2014年第6回ジャズ・アンサンブル・フェスティバルへの参加をきっかけに始動したプロジェクトの結晶。ジャズのトリオ編成から、メランコリアを感じさせるS.S.W.ギジェルモ・カポッチらのサイドで屈指のコントラバス奏者/アレンジャーとして、そしてメロウなうたものにこだわった自身のリーダー作まで発表しているパブロ・トッシ。3年前にオーガニックな風合いのアコーステイックなフォルクローレ作を発表している女性シンガー、パトリシア・ピオホ・サッピア。

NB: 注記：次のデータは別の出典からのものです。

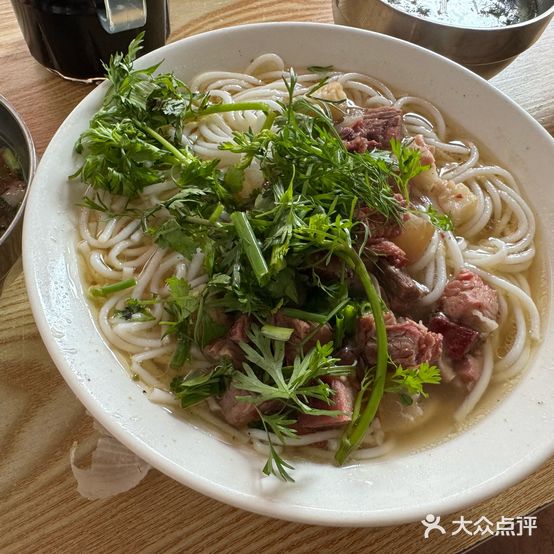 兴河牛肉馆(双树湾分店)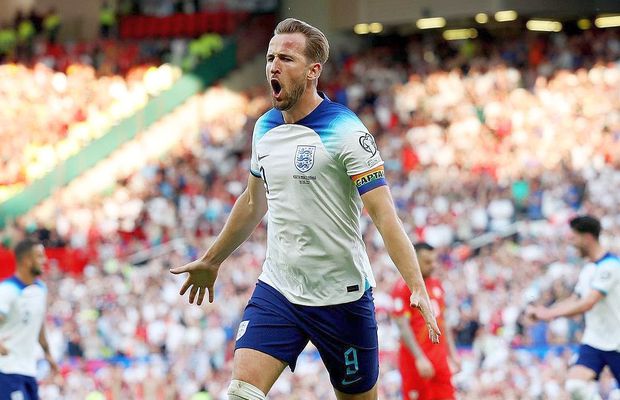 Bayern a trecut în pole position pe ultima sută: „Pista «Harry Kane» este mai «încinsă» ca oricând”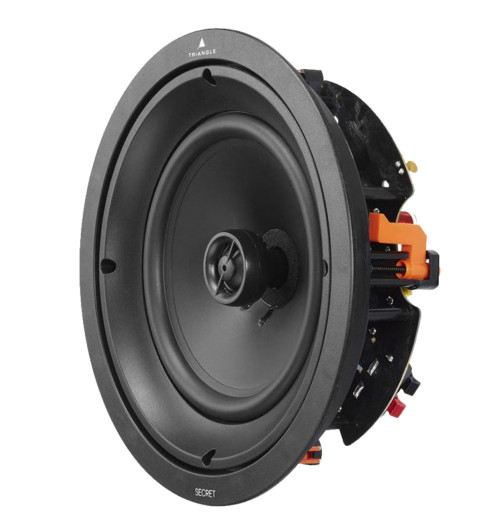 Triangle Secret ICT8 - Głośnik instalacyjny sufitowy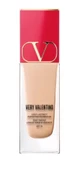 VALENTINO Very Valentino Light Rosa 2 - Çok hafif fondöten, 24 saat kalıcı, SPF 25 - 1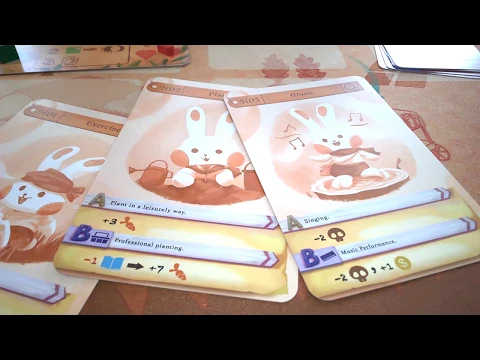 Eila and Something Shiny - przebieg gry, how to play (mlodygiercownik.pl)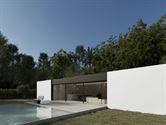 Image 3 : Villa IN 03580 Alfaz Del Pi (Spain) - Price 595.000 &euro;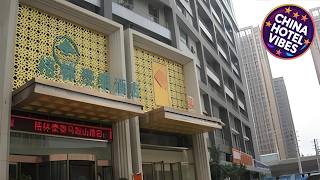 Famous GreenTree Inn Hefei Maanshan Road Hotel | Hefei, China | Hotel Review ⭐ Net Worth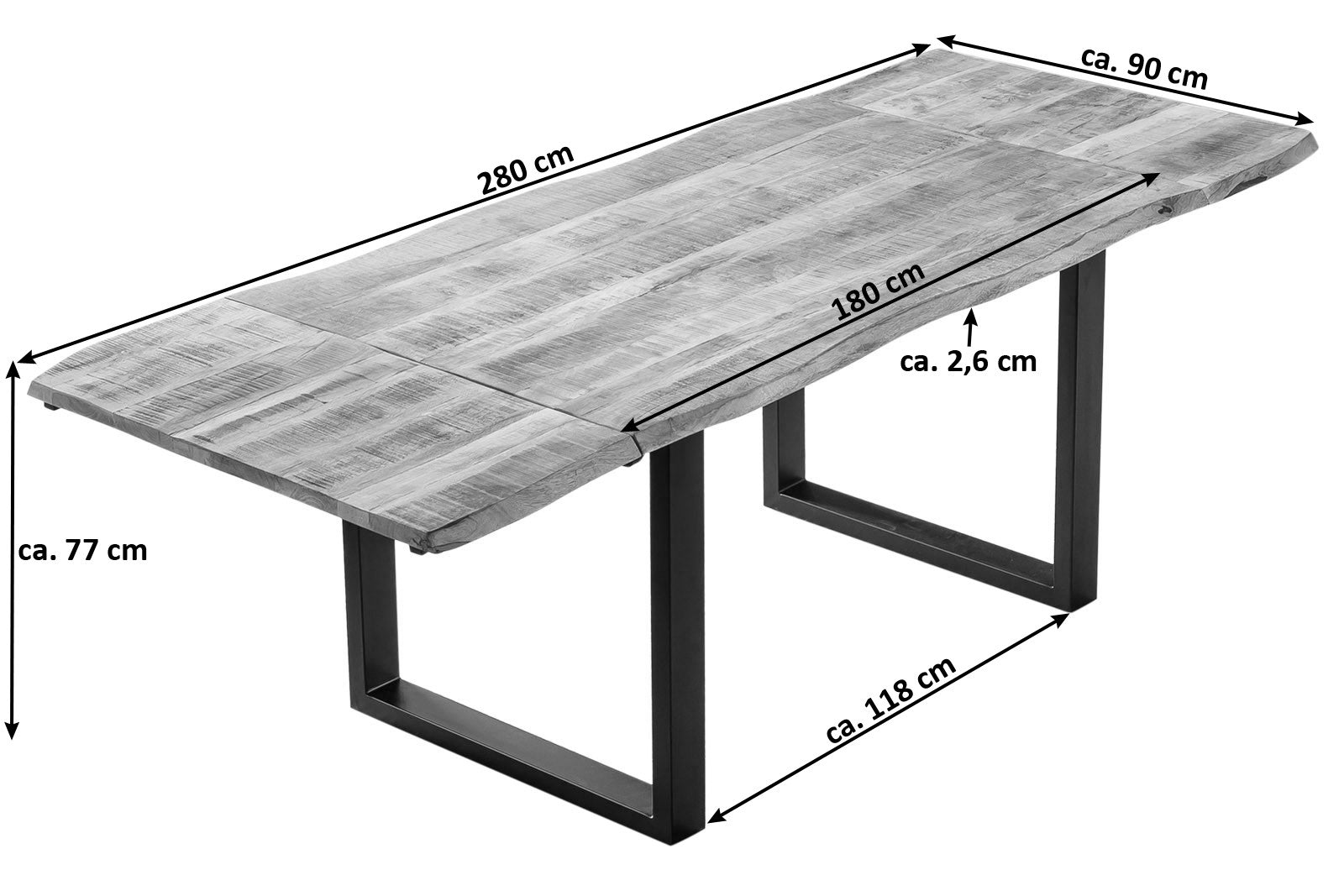 #180(280)x90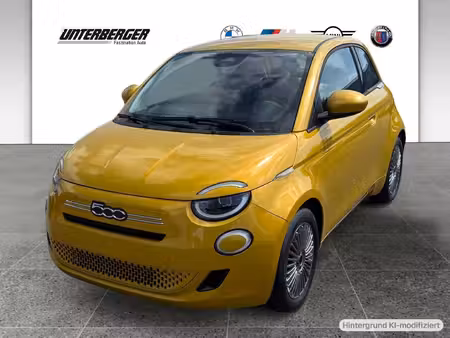 Fiat 500 65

長い咆哮にも似たコントラバスのロング・トーン、そしてベルナルド・モンクの木管(ss, cl, flute)やオラシオ・ノベロ(per)、アレハンドロ・カリノスキ(p)、マティアス・ルビノ(bdn)らの少ない音数による研ぎ澄まされたアンサンブルで、冒頭のEFX処理も為された前衛タッチなボリビアの民間伝承曲には驚かされますが、ビオレータ・パラ(チリ)作"Arriba Quemando El Sol"や、チャブーカ・グランダ(ペルー)作"Una Larga Noche" 、トム・ジョビン(ブラジル)作"Fotografia"、アグスティン・ララ(メキシコ)作"Piensa en Mi"、先住民グアラニーの古いメロディにオマージュを捧げた"Recuerdos de Ypacarai"(パラグアイ)など本デュオが唄も共有する前世紀からのレパートリーは抜群に新鮮な印象を受けます。コンテンポラリーでフュージョニックなジャズのアレンジがルーツ音楽の刷新にすこぶる好作用をもたらし、カヴァー・イメージ通りの聖なる祈りにも、静かに燃える魂の情念にも聴こえてきます。
2017/3/27 動画追加しました。